Now, before we get on with the actual multiplication there's yet another technicality that we have to go through: Multiplication is communicative, this means that if you have two factors, A and B, that you want to multiply with each other you can write it as: A * B or B * A. It gives the same answer so it doesn't matter which one comes first. And in the same way as it doesn't matter which factor comes on which side of the multiplication operator, it doesn't matter which length('x' or 'y') that you draw in what place. The places I've put them on aren't important and you may interchange their positions.
Finally let's get on with multiplication:
You have two lengths; 'x' and 'y' that you want to multiply. First draw an arbitrarily long line and then make use of the stuff stated above and call this line 1 l.u. Then draw the line 'x' as a continuation of this line:

pic5) The white line is 1 l.u long and the blue line is 'x' long.

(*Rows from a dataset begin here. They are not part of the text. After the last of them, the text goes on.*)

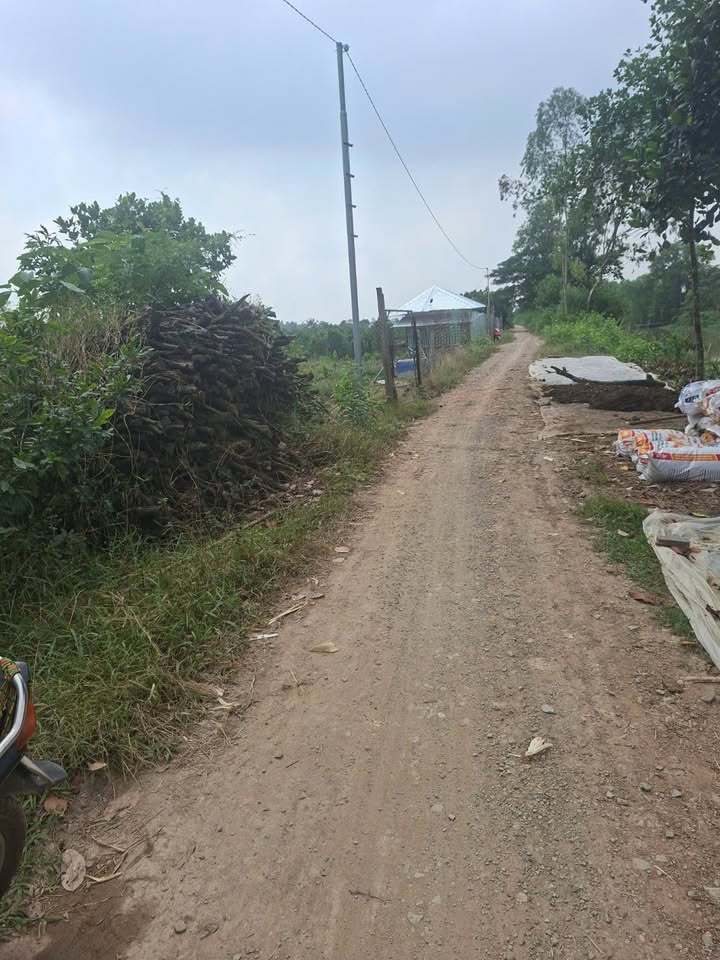 Đất thổ cư 374m² tại xã Long Kiến, An Giang - Giá 600 triệu, thương lượng!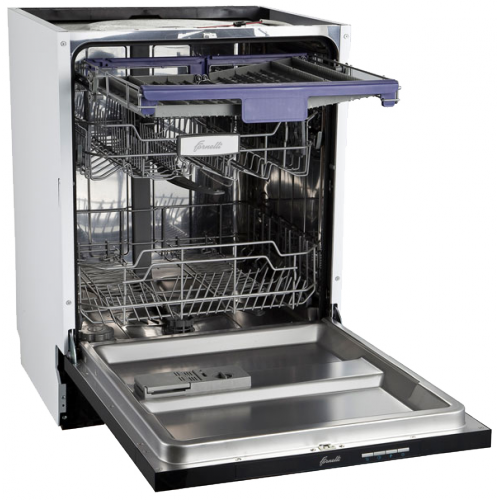 Купить Fornelli BI 60 KASKATA Light S полновстраиваемая посудомоечная машина в интернет-магазине Ravta – самая низкая цена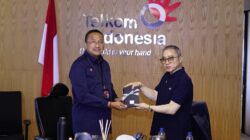 Telkom – CCSI Perkuat Sinergi Sistem Komunikasi Kabel Laut SUB-2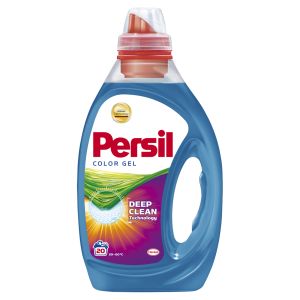 Persil Deep Clean Żel do koloru, 20 prań, cena ok. 14,99 PLN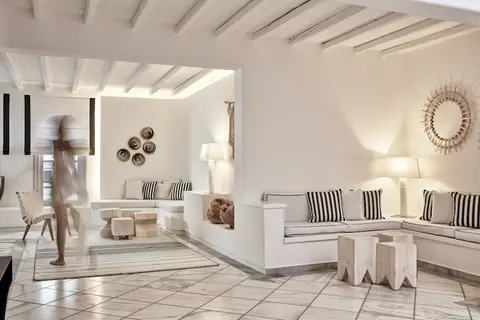 Mr & Mrs White Paros in Naoussa, foto 15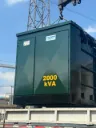 Transformador tipo Pedestal 2000 kVA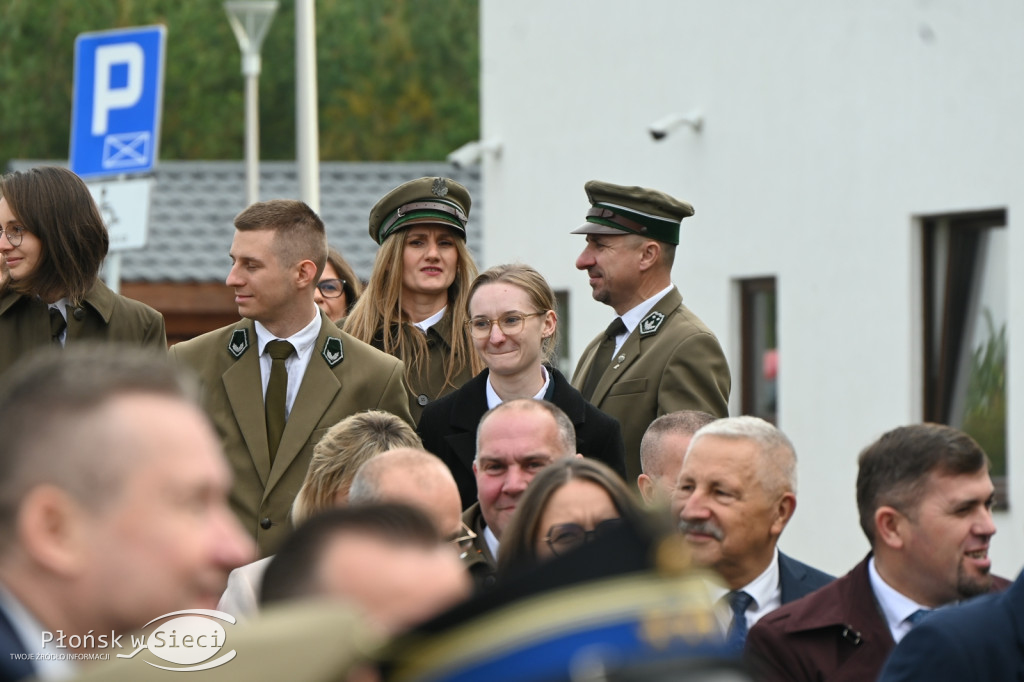 80 lat płońskiego Nadleśnictwa!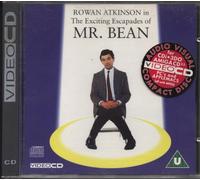 Mr Bean Video Phillips cd-i (Includeds The Bus Stop Episode)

Then draw the line 'y' starting from the tip of the 1 l.u. line and continuing to the right. There has to be an angle where 'y' and the 1 l.u. line meets, however this angle is completely arbitrary(note that you wont have to measure all other angles after this angle):

pic6) The red line is 'y' long. The angle labelled with a green A is the arbitrary angle between 'y' and the 1 l.u. line.

Connect the right tip of the 1 l.u. line and the 'y' line, let's call this line 'l1':

pic7) Yellow line connects the tips of the 'y' and the 1 l.u. line.

Next, draw a line that is parallel to 'l1' that touches the tip of the 'x' line, let's call this line 'l2':

pic8) Both the yellow lines are parallel to each other. The left one is 'l1' and the right one is 'l2'.

Draw a line from the right tip of 'y' that continues in the same direction as 'y'. Continue this line until it reaches 'l2', then the line between the 'l1' and 'l2' is as long as 'x' * 'y' using our new measuring system of 1 l.u.

pic9) The purple line is as long as 'y' * 'x' measured in your new l.u system.

So the basic scheme is:

pic10)

Division works in a very similar fashion: You still have to draw an arbitrarily long line and call it 1 l.u. but now we note that division is non communicative. That is 'x'/'y' and 'y'/'x' gives two different answers. So in order for you to carryout the same division as I will below, you have to draw the 'x' and 'y' lines on the same place as I do.

I will do the division 'y'/'x'.
Draw a line with the length 'x'. Then segment this line into two arbitrarily large pieces and call one piece 1 l.u. and the other piece we'll still call 'x'(though it isn't as long as 'x' anymore):

pic11) First the blue line is 'x' long. Then we segment it into two pieces: the white line which we say is 1 l.u. long and the other blue line which isn't as long as 'x' anymore but whom we'll still refer to as 'x'(just to confuse you more, dear reader).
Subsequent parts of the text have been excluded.